Written in 2018, during the public debate around shoot-at-sight orders on Avni, a tigress in central Maharashtra.
Yesterday I saw the photo of a man viciously beheaded, his limbs askew, and skin peeled off his back to reveal a hollowed out trunk. A bloody, gouged head was located a distance away. I waited for the instinctive visceral response to such violence but it was curiously muted, perhaps by familiarity, for such photos are circulated with regularity on these particular WhatsApp groups. The title of this group suggests that it is for those interested in wildlife issues in Maharashtra, but members, as is often their wont, tend to accommodate tangential subjects. This man was attacked by an animal in central Maharashtra while guarding his fields. Rarely a week passes without a death or injury credited to animal attacks — tigers, leopards and most commonly, sloth bears.
Of late, every time I see such photos, I am reminded of the ongoing discourse on wildlife protection and forest rights, intensified in recent weeks by the agitation surrounding shoot-at-sight orders on a rumoured man-eating tigress in central Maharashtra. I sympathize with the conservationists. Habitats have diminished, tigers are endangered: 2,500 tigers versus 7 billion humans doesn’t seem a fair comparison in the least, but there are nuances to the story that I find absent in a lot of what’s being said. I base this on some of my experiences in Harisal, a village located in the buffer zone of the Melghat Tiger Reserve.
A forest officer once told me that sloth bears have been forced into increased nocturnality from their typical habit to escape human activity and encroachment on their habitat. One of the early pieces of advice I was given in Harisal from a villager was never to turn your back on an approaching sloth bear for it gives them opportunity to claw you from behind and that particular position offers more scope for lasting damage. Never had I considered safety from sloth bears a matter of privilege.

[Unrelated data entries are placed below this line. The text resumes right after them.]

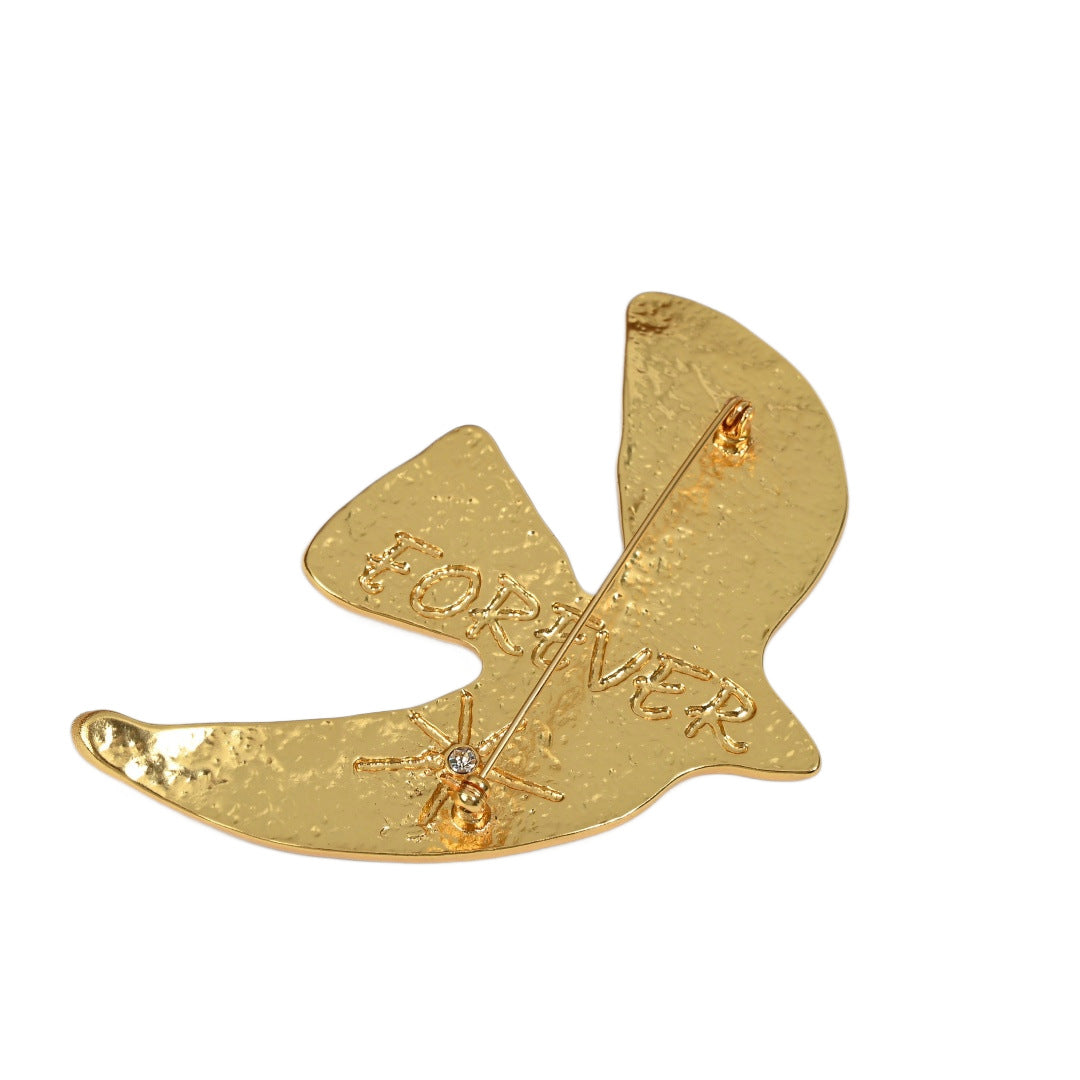 Back detail of Golden Echoes peace dove brooch showing craftsmanship and brooch pin, 18K gold plated brass jewelry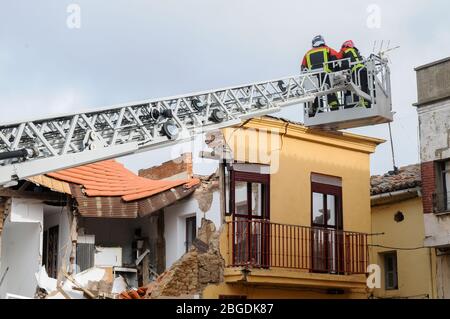 Vigili del fuoco su una gru di strada che lavora su un edificio crollato. Foto Stock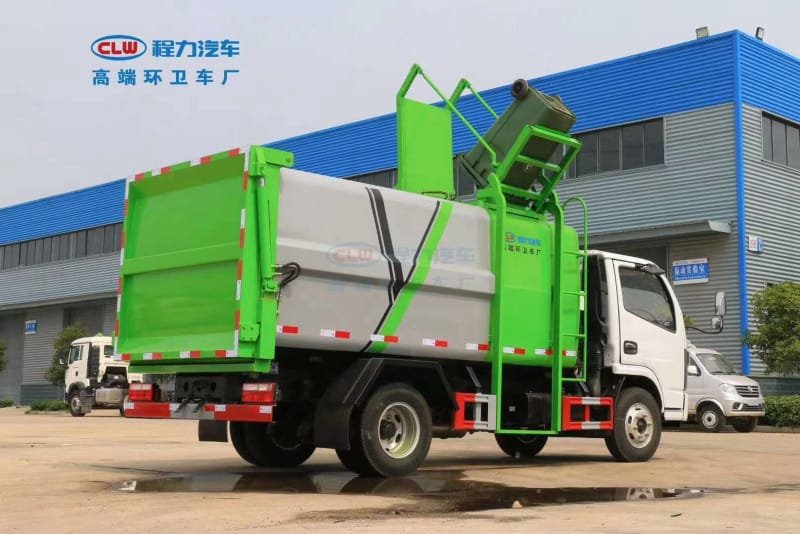 東風(fēng)多利卡D6掛桶壓縮垃圾車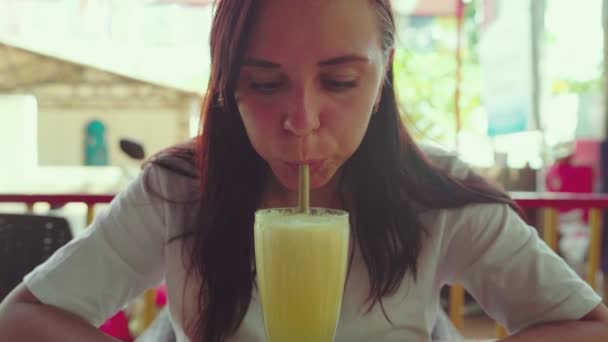 Woman drinking cocktail in cafe. Adult lady sipping fresh fruit beverage through straw while sitting at table in street restaurant on sunny day — Stock Video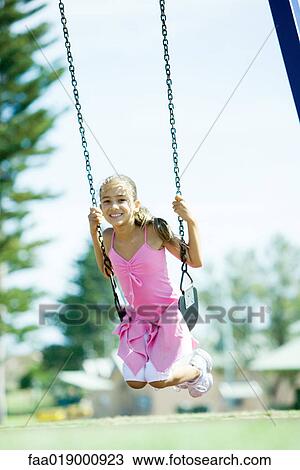 Child on swing View Large Photo Image Stock Image - Child on swing. Fotosearch
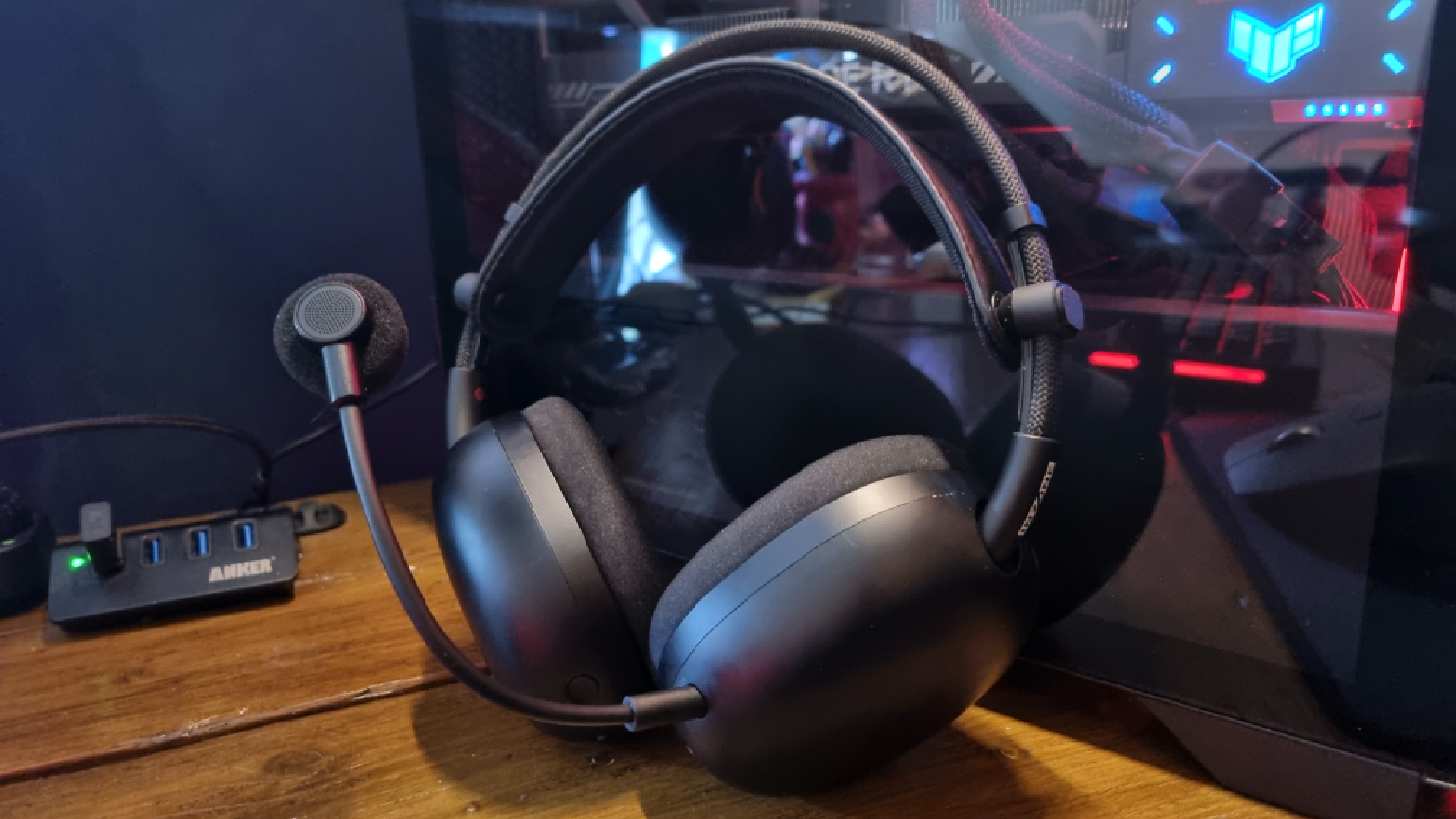 The Sony Inzone H9 II gaming headset resting up against a gaming PC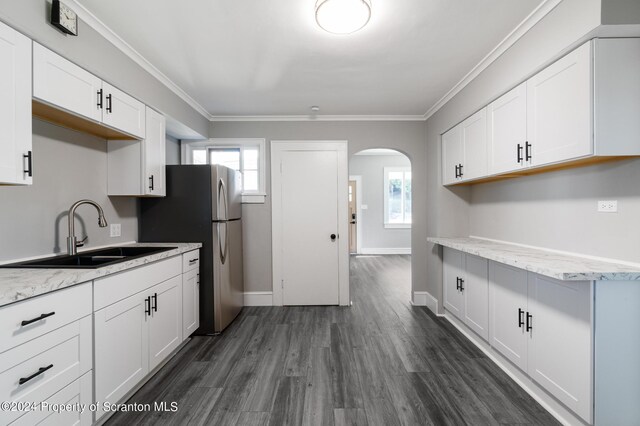 kitchen featuring light stone countertops, white cabinetry, sink, and ornamental molding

While animal encounters in Harisal are not commonplace, they do occur. The mother of a good friend, Jitendra Shanware, related an incident that occurred in the fields she was guarding at night. She woke to barking dogs alerting her to a bear standing mere metres from her. She sets alight the head of a stick and warded off the bear with the flame. Her dog unfortunately died in the encounter. Another, Janrao Mavaskar, told me that he would rather face a tiger than a bear for where the tiger is unlikely to attack unless provoked, a bear feels no such compunction.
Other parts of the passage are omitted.